There are many others at Microsoft who deserve our thanks for reviewing slides, code samples, and chapters, including Mike Ammerlann, Rob Howard, Brad Stevenson, Mike Morton, Reza Chitsaz, Chris (CJ) Johnson, Ryan Duguid, Paul Andrew, Richard Riley, Mike Gannotti, Arpan Shah, John Durant, Doug Mahugh, Mauricio Ordonez, Elisabeth Olson, Kirk Evans, Pej Javaheri, Steve Tullis, Matthew Burnett, Javier Dalzell, Harneet Sidhana, Eilene Hao, Umesh Unnikrishnan, Boris Scholl, Maxim Lukiyanov, Jie Li, Johanna White, and Jon Flanders. There are also folks on the MSDN team who helped in countless ways, including Randall Isenhour, Uma Subramanian, Beck Andros, and Jean Philippe Bagel.
We would like to thank our fellow colleagues at Critical Path Training for their valuable insight and feedback during the project, including Maurice Prather, Asif Rehmani, Matthew McDermott, Chris Predeek, and Karine Bosch. A special thanks also goes to Meredith Connell, Marshall Butler, and Maggie Smith for keeping our company afloat as the authors constantly disappeared into their SharePoint VMs for days at a time.

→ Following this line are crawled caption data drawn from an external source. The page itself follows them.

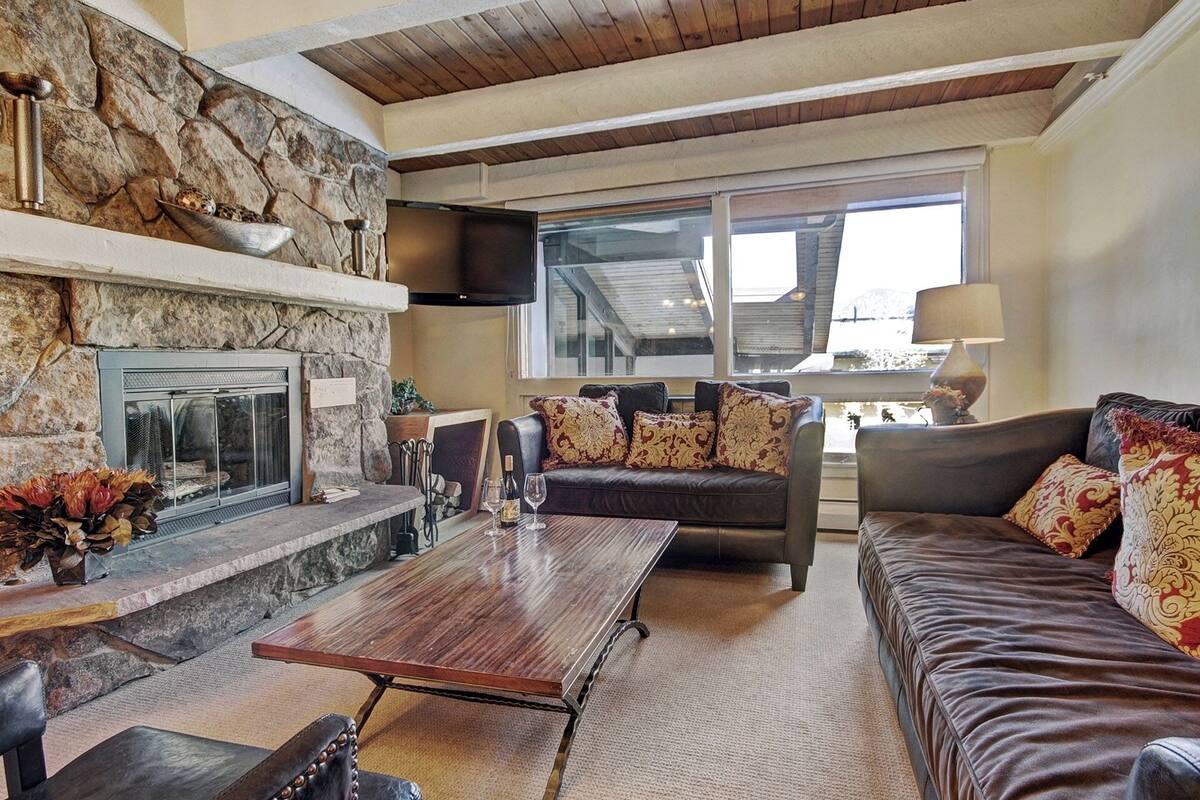 A cozy living room with a stone fireplace, leather sofas, a wooden coffee table, and a large window offering a view of the outdoors.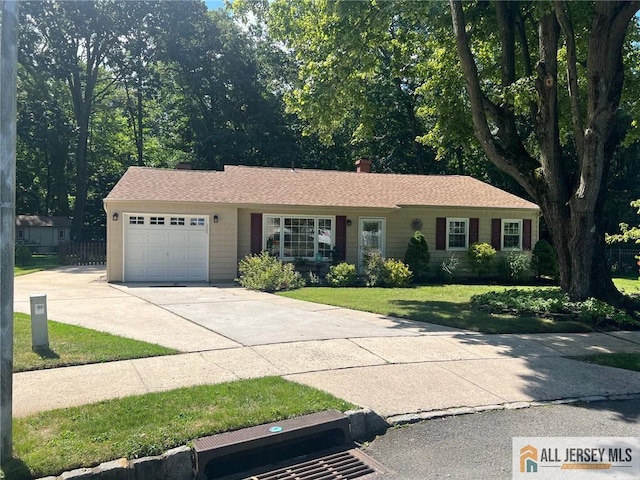 single story home featuring a front yard and a garage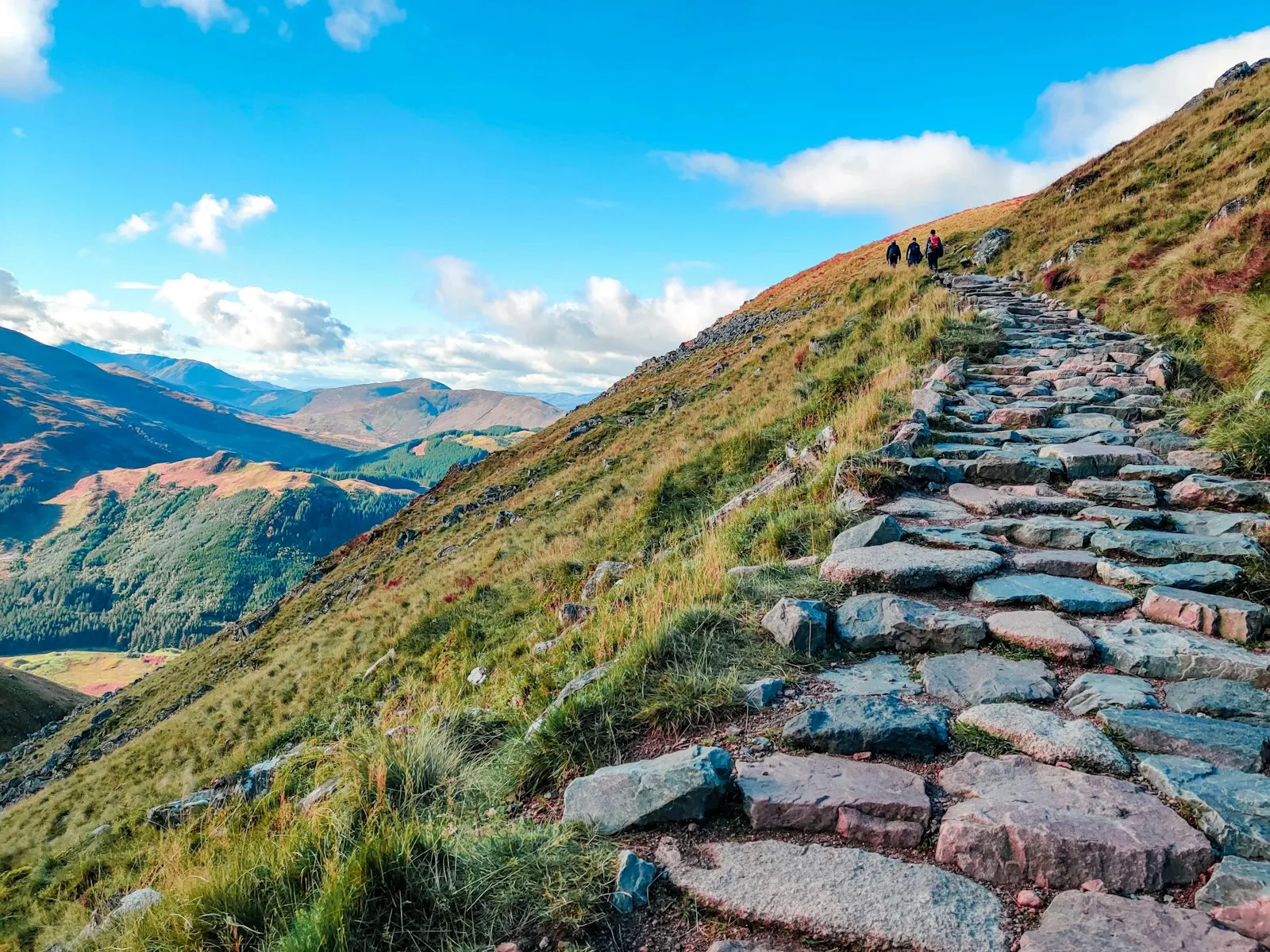 Gepflasterter Steig quert einen Grashang, in der Ferne zwei Wanderer und ein weites Tal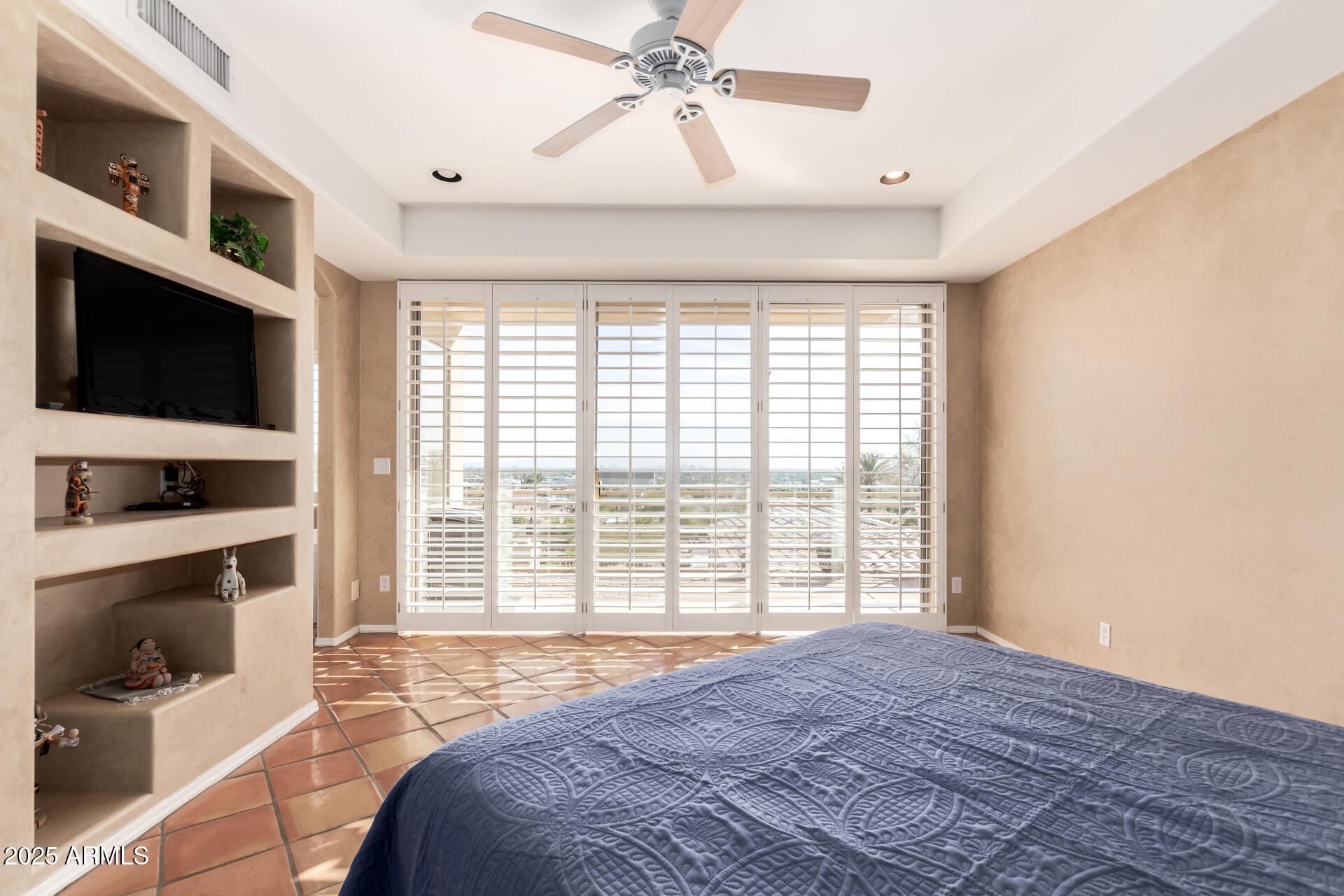 31 West Beryl Avenue Phoenix, AZ 85021 - Photo 24 of 65 a bedroom with a bed and a flat tv screen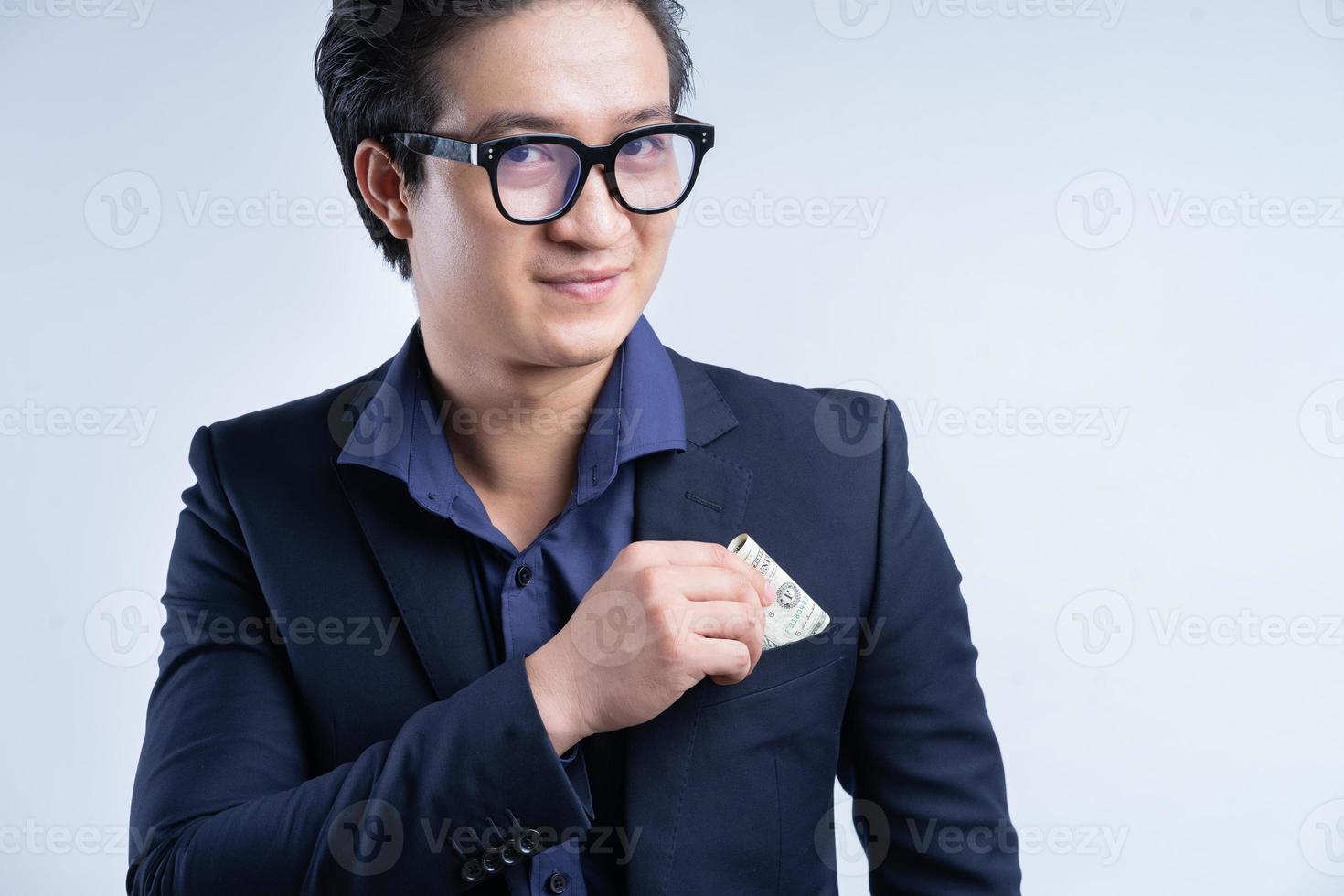 Portrait of Asian businessman holding one dollar photo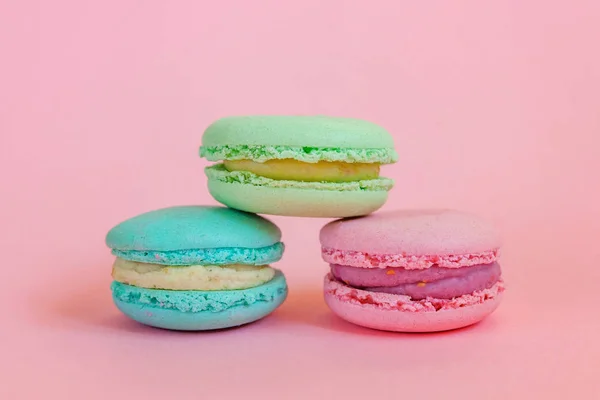 Blue pink and green macaron on pink background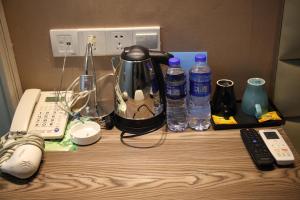 a table topped with a blender and other items at Shanghai Fish Inn Bund in Shanghai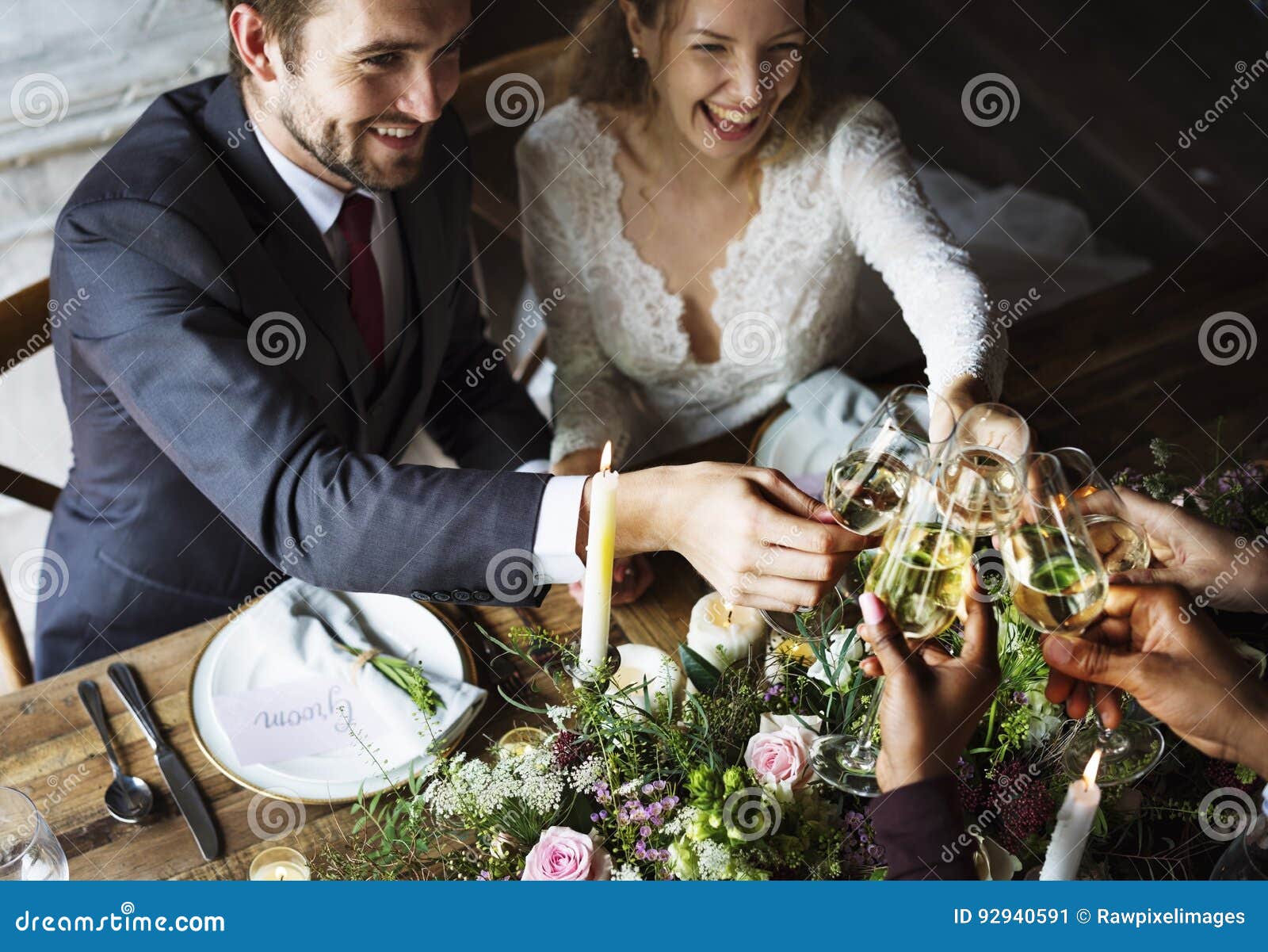 bride and groom clinging wineglasses with friends on reception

We would like to thank the SharePoint MVP community past and present, whose collective output has taught the industry so much about the SharePoint platform. Our special thanks goes out to Melissa Travers, April Dalke, Dan Larson, Spencer Harbar, Rob Foster, Todd (T-Bag) Baginski, Rob Bogue, Dan Holme, Ben Robb, Andrew Woodward, Reza Alirezaei, Eric Shupps, Gary Lapointe, Jan Tielens, Tony Bierman, Natalya Voskresenskaya, Carsten Keutmann, Shane Young, Darrin Bishop, Renaud Comte, Mirjam van Olst, Jeremy Sublett, Loke Kit Kai, Todd Bleeker, Sahil Malik, Bill English, Joris Poelmans, Nick Swan, Matt Ranlett, Dave McMahon, Adam Buenz, Steve Smith, Stephen Cummins, Todd Klindt, John F. Holliday, Ton Stegeman, Chandima Kulathilake, Penelope Coventry, Chris OBrien, Tobias Zimmergren, Waldek Mastykarz, Randy Drisgill, Jeremy Thake, Liam Cleary, Ludovic Lefort, Martin Harwar, Debbie Ireland, Brendon Schwartz, Paul Schaeflein, Becky Bertram, Wictor Wilen, Heather Solomon, Dustin Miller, Cornelius J. van Dyk, Bob Fox, and even the infamous Ben Can you believe Im still talking Curry.
We would also like to thank everyone on the publishing side who made this book possible. Thanks to everyone at Microsoft Press and OReilly. This includes Ben Ryan, who helped us put together the original contract, and the production staff made up of Dan Fauxsmith, Sumita Mukherji, Holly Bauer, and Linda Allen. Special thanks goes out to Ken Brown, who had the challenging task of getting us to ship our chapters on schedule. If not for Ken and his cattle prod, Ted would no doubt still be writing and rewriting trying to get the explanation of page ghosting just a tad more clear and concise.